Appeal from a judgment of the Onondaga County Court (Anthony F. Aloi, J.), rendered January 4, 2010. The judgment convicted defendant, upon her plea of guilty, of grand larceny in the fourth degree.
It is hereby ordered that the judgment so appealed from is unanimously affirmed.
Memorandum: Defendant appeals from a judgment convicting her, following a plea of guilty, of grand larceny in the fourth degree (Penal Law § 155.30 [1]). We agree with defendant that her waiver of the right to appeal was not knowingly, intelligently, and voluntarily entered (see People v Bradshaw, 18 NY3d 257, 262 [2011]; see generally People v Lopez, 6 NY3d 248, 256 [2006]); thus, it does not encompass defendant’s contentions that the award of restitution was not based on evidence in the record and that County Court should have held a hearing with respect to the amount of restitution (cf. People v Tessitore, 101 AD3d 1621, 1622 [2012], lv denied 20 NY3d 1104 [2013]). Defendant, however, failed to preserve for our review those contentions inasmuch as she did not object to the amount of restitution at sentencing, nor did she request a hearing (see id.; People v Lewis, 89 AD3d 1485, 1486 [2011]).
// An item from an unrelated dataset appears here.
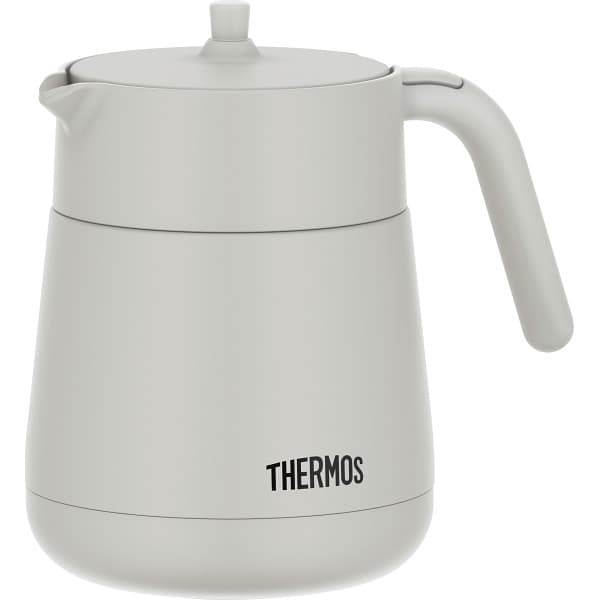 THERMOS 真空断熱ティーポット 700ml（ライトグレー）TTE-700LGY×1個の商品画像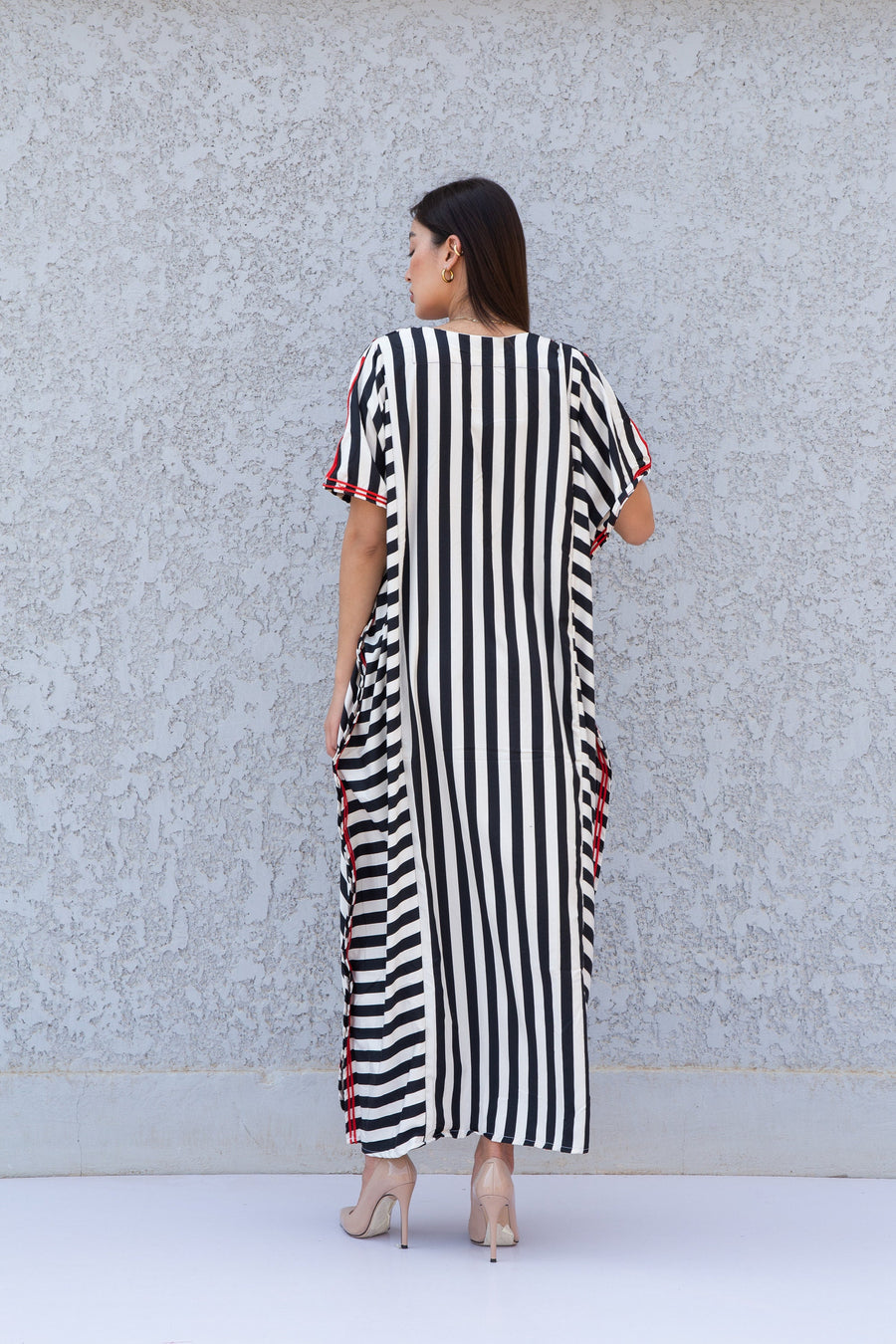 Striped hand embroidered kaftan dress, Plus size Caftan dress, Classy Caftans for women, Boho, caftans for women, caftans, kaftans, 10-23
In any event, defendant conceded “the facts necessary to establish the amount of restitution as part of a plea allocution” (People v Consalvo, *142189 NY2d 140, 145 [1996]) and thus waived her right to challenge the amount of restitution. Even assuming, arguendo, that defendant’s contention with respect to ineffective assistance of counsel survives the guilty plea (see generally People v March, 21 AD3d 1393, 1393 [2005], lv denied 6 NY3d 778 [2006]), we further conclude that defendant was not denied effective assistance of counsel by defense counsel’s failure to challenge the amount of restitution (see generally People v Ford, 86 NY2d 397, 404 [1995]). Present — Centra, J.P., Fahey, Garni, Whalen and Martoche, JJ.